La creación de una auténtica escuela escultórica sevillana se produce a raíz de la presencia en la ciudad del castellano Isidro de Villoldo, quien llegó a la ciudad en 1553, debido a la disolución del taller de Alonso Berruguete. Sin embargo, el verdadero forjador de la escuela sería Juan Bautista Vázquez el Viejo, quien aglutinó a su alrededor a una serie de maestros que difundirán su manierismo de ascendencia romana.

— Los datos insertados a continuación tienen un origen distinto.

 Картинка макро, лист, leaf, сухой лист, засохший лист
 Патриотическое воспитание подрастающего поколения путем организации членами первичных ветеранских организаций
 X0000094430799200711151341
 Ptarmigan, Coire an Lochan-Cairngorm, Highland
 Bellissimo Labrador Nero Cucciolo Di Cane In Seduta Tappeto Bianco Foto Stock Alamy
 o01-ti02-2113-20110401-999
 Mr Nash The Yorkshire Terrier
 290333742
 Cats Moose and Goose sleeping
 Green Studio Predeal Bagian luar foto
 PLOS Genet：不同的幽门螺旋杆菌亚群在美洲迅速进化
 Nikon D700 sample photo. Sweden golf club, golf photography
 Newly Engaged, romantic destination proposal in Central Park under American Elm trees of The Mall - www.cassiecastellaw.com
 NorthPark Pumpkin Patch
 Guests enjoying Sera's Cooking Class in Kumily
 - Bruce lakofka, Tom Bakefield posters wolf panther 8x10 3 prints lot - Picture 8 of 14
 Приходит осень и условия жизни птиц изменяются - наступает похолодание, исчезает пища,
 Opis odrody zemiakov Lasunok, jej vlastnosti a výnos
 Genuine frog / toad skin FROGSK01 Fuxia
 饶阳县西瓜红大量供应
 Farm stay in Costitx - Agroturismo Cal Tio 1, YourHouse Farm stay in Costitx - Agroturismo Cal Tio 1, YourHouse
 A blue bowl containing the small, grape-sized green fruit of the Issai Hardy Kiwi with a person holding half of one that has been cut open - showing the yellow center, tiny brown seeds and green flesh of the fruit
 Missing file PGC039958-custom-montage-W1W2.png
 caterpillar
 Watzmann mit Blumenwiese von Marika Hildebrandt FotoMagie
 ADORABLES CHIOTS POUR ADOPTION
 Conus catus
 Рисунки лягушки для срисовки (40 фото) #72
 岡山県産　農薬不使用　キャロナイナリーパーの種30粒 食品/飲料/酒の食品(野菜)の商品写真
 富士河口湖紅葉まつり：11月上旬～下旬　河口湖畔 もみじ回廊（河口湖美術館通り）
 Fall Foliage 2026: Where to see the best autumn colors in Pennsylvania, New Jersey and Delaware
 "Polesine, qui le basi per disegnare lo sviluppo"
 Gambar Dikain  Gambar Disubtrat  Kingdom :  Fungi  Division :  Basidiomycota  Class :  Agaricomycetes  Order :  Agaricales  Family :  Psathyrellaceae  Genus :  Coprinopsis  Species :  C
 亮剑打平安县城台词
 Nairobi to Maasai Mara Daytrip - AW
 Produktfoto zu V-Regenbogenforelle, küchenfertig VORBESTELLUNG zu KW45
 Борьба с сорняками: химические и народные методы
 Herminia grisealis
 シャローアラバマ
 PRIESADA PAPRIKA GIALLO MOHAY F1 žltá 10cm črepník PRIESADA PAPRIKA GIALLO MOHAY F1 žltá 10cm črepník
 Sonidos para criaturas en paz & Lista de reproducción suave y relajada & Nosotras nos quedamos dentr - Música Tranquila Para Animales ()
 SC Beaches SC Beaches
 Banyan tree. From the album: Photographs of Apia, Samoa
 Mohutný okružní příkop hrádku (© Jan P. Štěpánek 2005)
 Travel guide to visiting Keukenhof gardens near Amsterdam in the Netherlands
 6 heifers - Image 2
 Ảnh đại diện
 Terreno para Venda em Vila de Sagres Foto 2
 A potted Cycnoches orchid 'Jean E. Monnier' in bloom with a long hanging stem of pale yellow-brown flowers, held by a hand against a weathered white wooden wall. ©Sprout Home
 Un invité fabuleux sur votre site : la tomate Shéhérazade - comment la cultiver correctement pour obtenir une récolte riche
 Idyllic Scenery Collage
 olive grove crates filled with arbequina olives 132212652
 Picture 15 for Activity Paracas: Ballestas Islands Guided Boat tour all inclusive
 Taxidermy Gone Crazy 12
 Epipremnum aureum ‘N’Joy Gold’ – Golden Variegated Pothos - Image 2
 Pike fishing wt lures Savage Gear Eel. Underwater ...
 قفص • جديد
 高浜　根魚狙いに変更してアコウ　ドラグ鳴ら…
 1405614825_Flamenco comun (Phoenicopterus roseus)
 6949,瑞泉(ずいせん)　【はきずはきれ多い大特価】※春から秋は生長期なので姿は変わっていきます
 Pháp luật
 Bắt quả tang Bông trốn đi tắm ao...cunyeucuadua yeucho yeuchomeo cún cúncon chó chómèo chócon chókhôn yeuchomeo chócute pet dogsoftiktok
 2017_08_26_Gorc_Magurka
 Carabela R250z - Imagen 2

El manierismo, presente en las obras de Gaspar del Águila, Diego de Pesquera, Diego de Velasco, Miguel Adán, Juan Bautista Vázquez el Mozo y Gaspar Núñez Delgado, pervivirá a lo largo de las primeras décadas de la centuria siguiente, etapa en la que descolló la figura y la obra de Martínez Montañés. En cierto sentido paralelo a las otras artes sevillanas del siglo XVI se desarrolla la orfebrería, a la que pertenecen artífices como los Alfaro, Ballesteros o Juan de Arfe, figuras cuya maestría, virtuosismo y creatividad los sitúa al nivel de los mejores escultores, arquitectos o pintores de aquellas fechas.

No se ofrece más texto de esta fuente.